Taoiseach had ‘neck’ to go on Canadian Darkness into Light walk, says Senator

Joan Freeman strongly criticises cutback in mental health funding

Up to 200,000 people participated in Darkness into Light events across the country last Saturday morning. Photograph:  ©INPHO/Donall Farmer

Up to 200,000 people participated in Darkness into Light events across the country last Saturday morning.

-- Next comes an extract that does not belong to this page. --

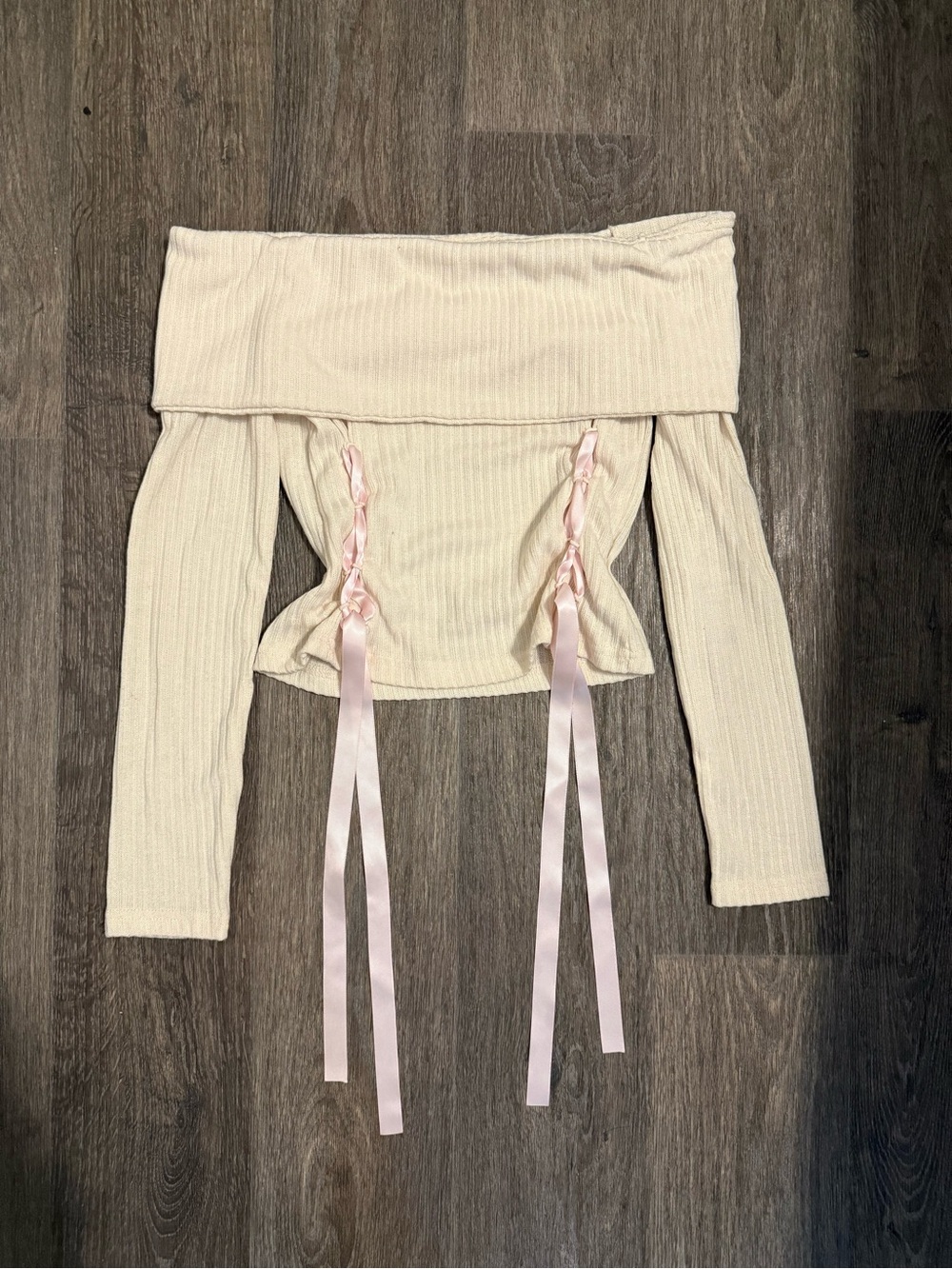 Coquette Off-Shoulder Cream Ribbed Top with Pink Ribbon Details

Photograph: ©INPHO/Donall Farmer

 

Independent Senator Joan Freeman has said she was surprised the Taoiseach had the “neck’’ to go on a mental health walk given the cutback in funding for the sector.

Ms Freeman highlighted in the Seanad Mr Kenny’s participation in the Darkness into Light event in Canada on Saturday morning during his visit to the country. “It was shown around the world that he was participating in the walk,’’ she told the Seanad. “As the leader of the country, does he not see it as a little ironic, or quite funny in some ways, that he did this after sanctioning the cuts in the mental health budget?’’

Freedom of Information documents released to The Irish Times revealed Fianna Fáil leader Micheál Martin, in correspondence with the Taoiseach, had criticised Mr Kenny’s failure to adhere to an agreement on the mental health budget.

While €35 million was set aside for mental health services, Mr Martin said this actually translated to €15 million in funding allocation.

Ms Freeman, one of three Taoiseach nominees to the Seanad chosen by Mr Martin, said the reduction was grossly unfair.

“As usual, the mental health service is the Cinderella when it comes to dealing with all of the social issues,” she added.

“It is always the one from which money is removed and used as a stopgap in some other area that the Taoiseach wishes to fill.”

Ms Freeman, who is a psychologist and founder of Pieta House suicide prevention charity, thanked members of the Oireachtas who had participated in the Darkness into Light event in Ireland.

“Up to 200,000 people participated in events across the country last Saturday morning and I thank all those who took part,” she added.

However, she said, the dramatic cut in the mental health budget was still a problem. “I keep bringing up the issue all the time,” she said.

Ms Freeman said when Mr Martin raised the matter, the Taoiseach said Minister of State for Health Helen McEntee, “who has no power whatsoever”, would meet the Fianna Fáil spokesman to resolve the issue.

She said the Taoiseach should meet Mr Martin and she would also like to be at the meeting to tell the truth about what was happening.